Gülşehir: Gülşehir’in bilinen eski adı Arapsun’dur. Ancak şehrimizden tarihte ilk kez, İskenderiyeli coğrafyacı Batlamyus’un eserinde Kapadokya kentlerinden Zoropassos adıyla bahsedilmektedir. Eski Yunanca söyleyişle Zoropassos olarak MS 2. yüzyılda kayda geçen bu adın, daha sonraki dönemlerde Yarabissos/Arabissos şeklinde evrilerek, Yarabisun/Arabison diye değiştiğini görüyoruz. 19. yüzyılda, Arkeolog W. M. Ramsay tarafından “Yarapson” olarak bahsedilen şehrimiz, coğrafyacı H. Kiepert’in haritasında “Arebsun/Yarapison” şeklinde verilmiştir. Osmanlı kayıtlarında Arapsun diye geçen ad, günümüzde de hala kullanılmaktadır.

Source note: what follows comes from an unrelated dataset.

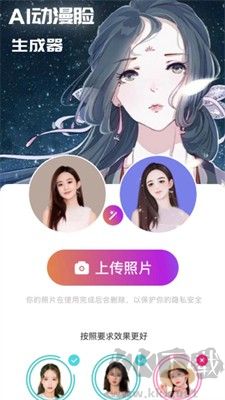測發型app(AI智能分析f發型)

İlçemize Gülşehir adının verilmesine dair üç rivayet vardır: Birinci rivayet, Karavezir Seyit Mehmet Paşanın, kalkındırıp kaza haline getirdiği Arapsun’a Gülşehir adını verdiği şeklindedir. İkinci rivayete göre, Gülşehir adını Ahi Evran koymuştur. Üçüncü rivayette ise Gülşehir adı, Alaaddin Keykubat tarafından konulmuştur. Son rivayetin gerçekliği, Şeyh Ahmet Gülşehri’nin mahlasının bir dayanak noktası olması hasebiyle ağır basmaktadır.

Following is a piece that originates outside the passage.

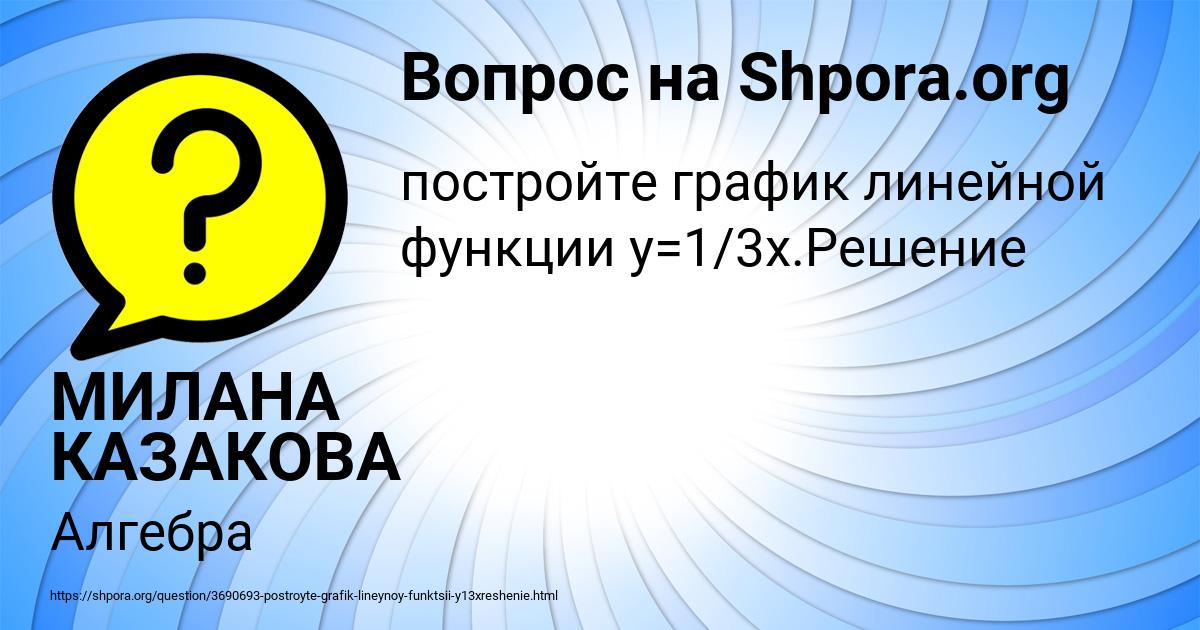 Картинка с текстом вопроса от пользователя МИЛАНА КАЗАКОВА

Karavezir Seyit Mehmet Paşa, 18. yüzyılda hala Arapsun denilen şehre Alaattin Keykubat tarafından Gülşehir adının konulduğunu biliyor olmalı ki, kaza haline getirdikten sonra bu adı tekrar vermiştir. Ne var ki daha sonraki dönemde bir daha unutulan Gülşehir adı, 1948 yılındaki Bakanlar Kurulu kararıyla resmiyet kazanmıştır.